Exploratory v6.2 Released!

Kan Nishida
learn data science
Published in
9 min readOct 13, 2020

--

I’m super excited to announce Exploratory v6.2! 🎉🎉🎉

As always, we have a bunch of new features & enhancements, here’s a quick overview of the following areas.

  • Summary View
  • Analytics
  • Chart
  • Data Wrangling
  • Dashboard
  • Parameter

Summary View

Reference lines for Mean & Midian

Now you can see the mean and the median values as reference lines on top of the histogram charts for numerical columns.

Analytics

XGBoost

Finally, we have added XGBoost to the Analytics view. 🔥

We had this as a step even before, but having it under the Analytics view makes it not only easier to build the models with XGBoost but also much easier to get insights from them, thanks to the grammar-based tabs with rich visualizations that are common among all the machine learning / statistical learning models.

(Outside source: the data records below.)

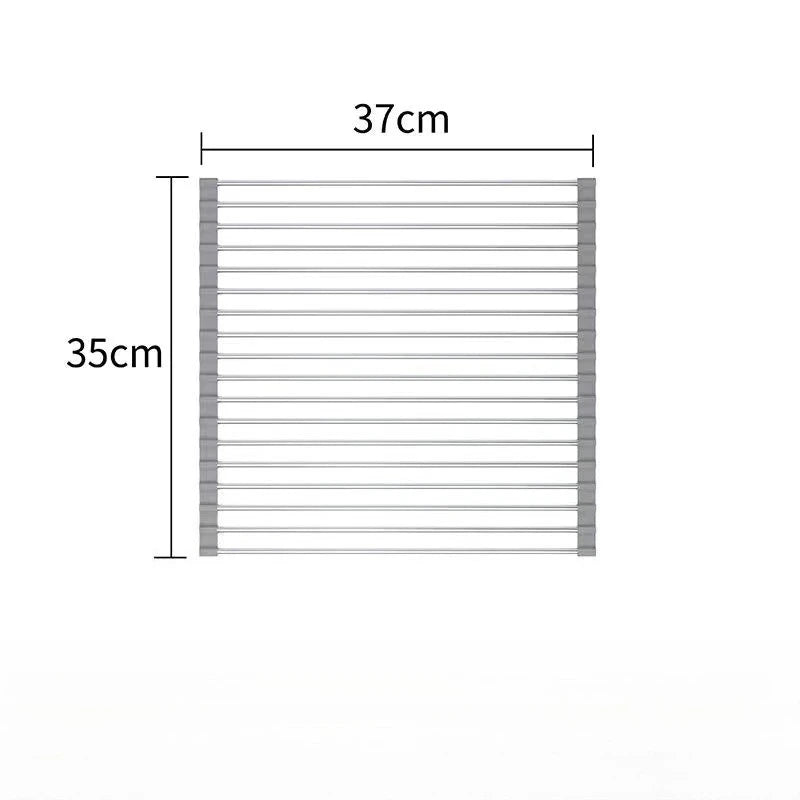 1pc Foldable Dish Drainer,Roll Up Dish Drying Rack ,Kitchen Sink Holder Organizer,Tableware Plate Storage Shelf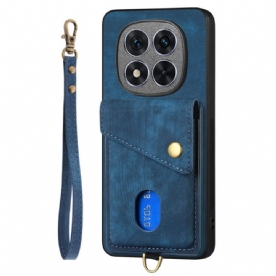 Hoesje Poco X7 5g Kaarthouder En Koord Met Leereffect Bescherming Hoesje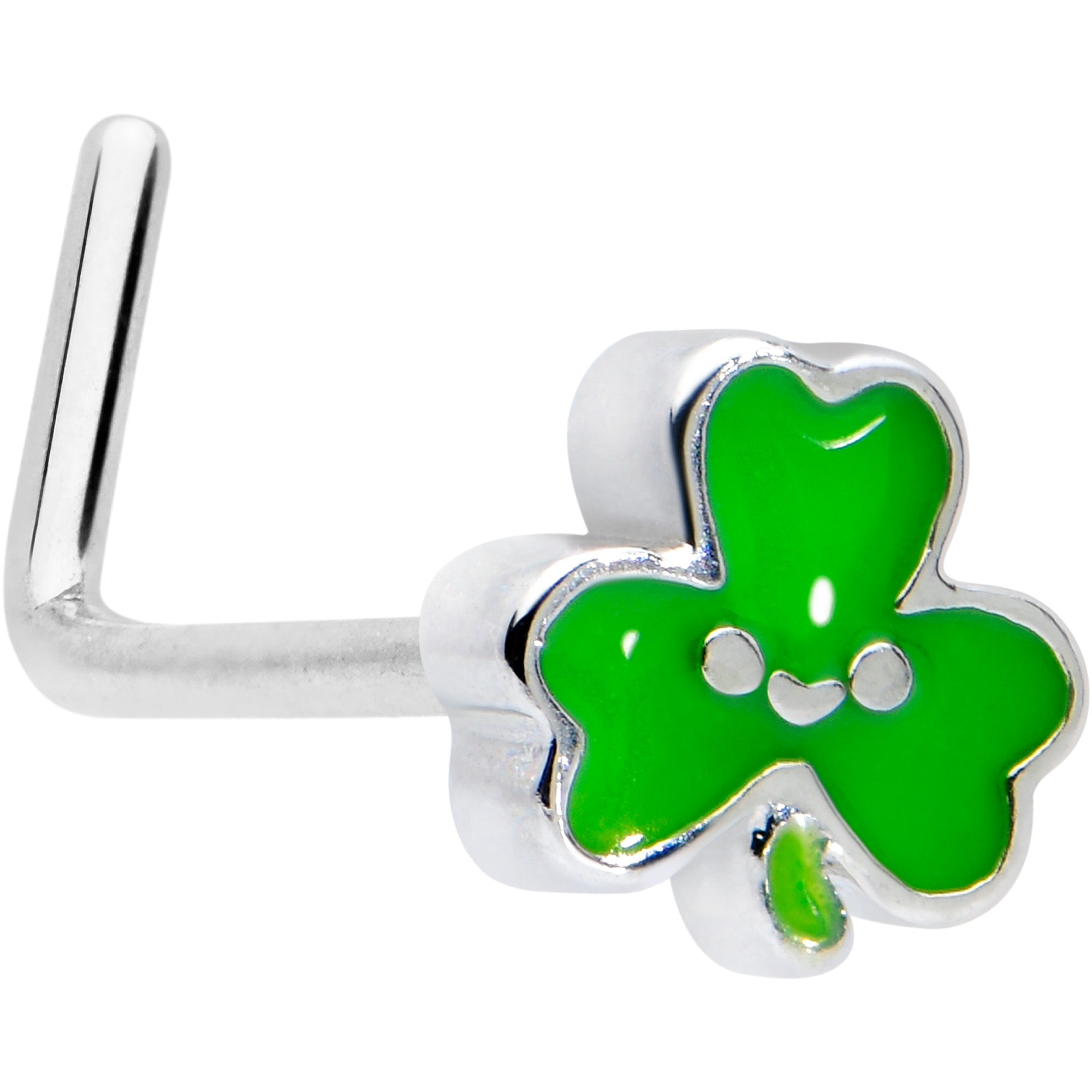 Image of 20 Gauge 7mm Sweet Happy Shamrock St Patricks L Shape Nose Ring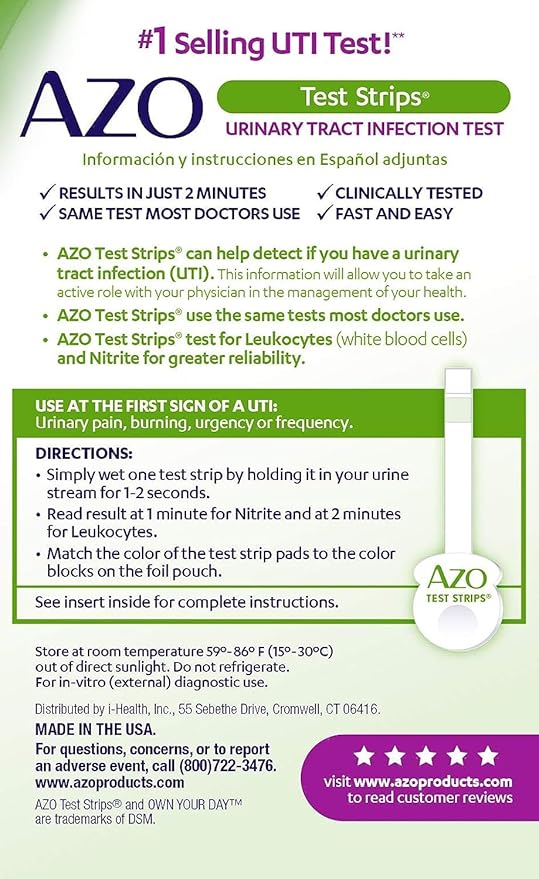 AZO UTI Pain Relief Bundle UTI Test Strips 3ct, Urinary Pain Relief Max Strength 24ct, Cranberry Pro Supplement 100ct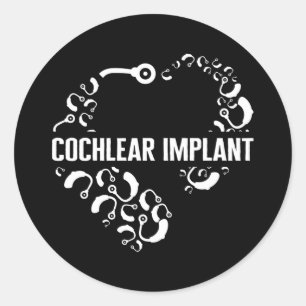 Sticker Rond Sensibilisation à la perte auditive Amour Cochléai
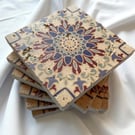 Boho Moroccan Marble Coasters – Handmade Tumbled Stone Rustic Coasters Set of 4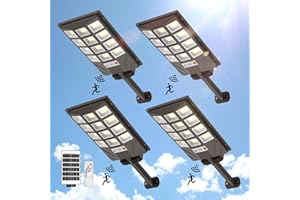 Kifflux Solar Lights Outdoor Waterproof - Solar Street Lights Outdoor 6500K Led Parking Lot Light Motion Sensor, Powered Flood Security Light for Outside Yard(4 Pack)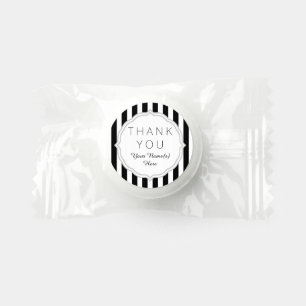 Stylish Black and White Stripes Pattern Thank You Life Saver® Mints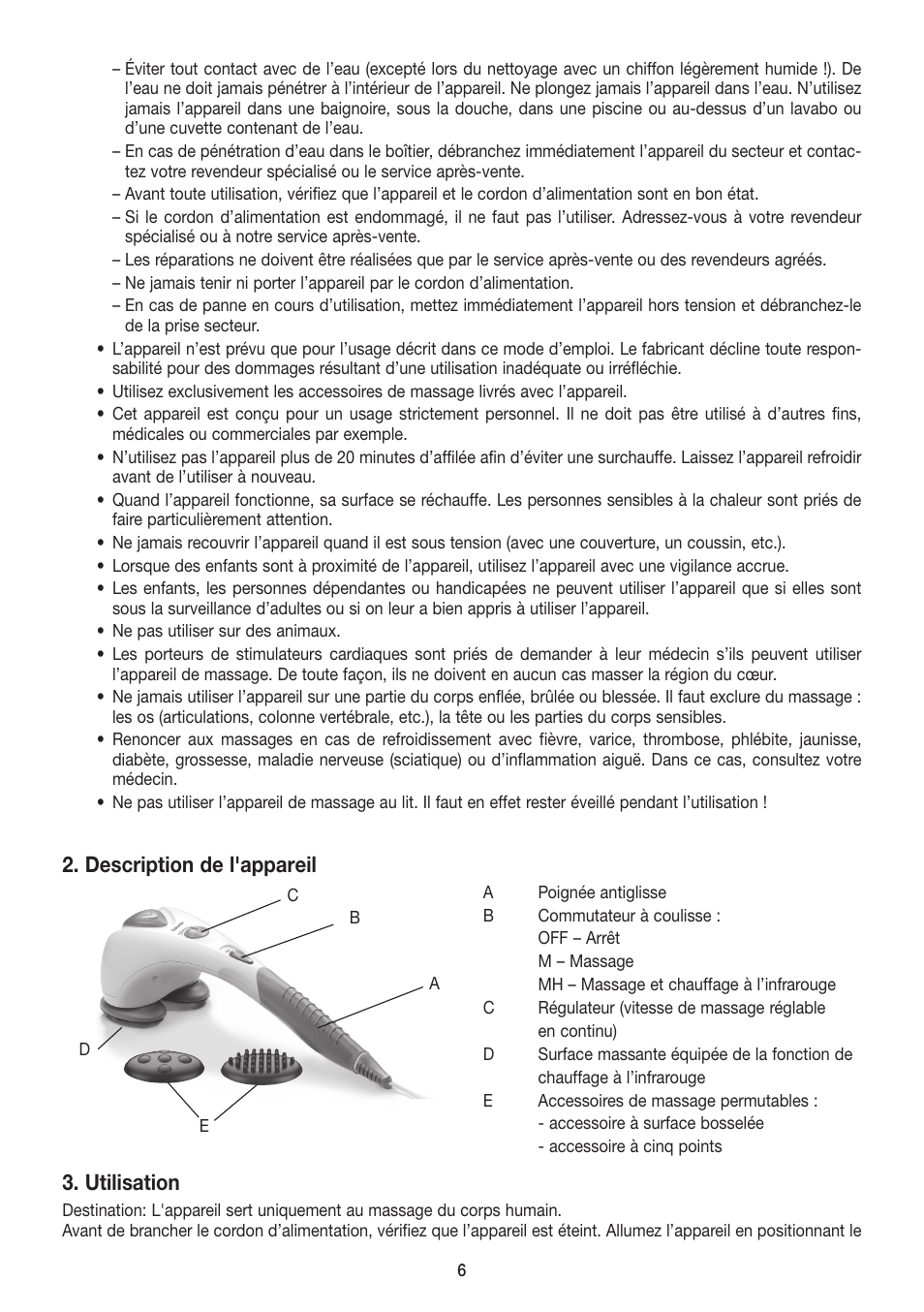 Description de l'appareil, Utilisation | Beurer MG 80 User Manual | Page 6 / 24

For example, here is the ‘Prediction’ tab that shows what would be the predicted values when the values change in a given variable.

Learning

One thing that is unique to XGBoost is the ‘Learning’ tab, which shows how the prediction model improves as it adds more trees.

For example, the above chart shows that the model continues to improve the model quality, which is judged by ‘Negative Log Likelihood’ (Smaller is better), as it adds more trees with the training data (Blue line).

However, you can also see that it stops improving after about 10th tree with the validation data (Orange line).

You can configure how you want the learning to stop from the property.

Time Series Forecasting — ARIMA

This too, we have finally added ARIMA to our Time Series Forecasting family. 🔥

Here, I have run the ARIMA (Auto ARIMA) to forecast the electricity price for the next 12 months for each state of California, Florida, New York, and Texas.

Unlike the Prophet, which is another Time Series Forecasting algorithm, the ARIMA requires more knowledge around how it builds the model.

But, the ARIMA has an auto model building capability called ‘Auto Arima’, which is turned on by default. So you can start building ARIMA based models even without knowing what it is and gaining insights from the Seasonality and the Trend tab.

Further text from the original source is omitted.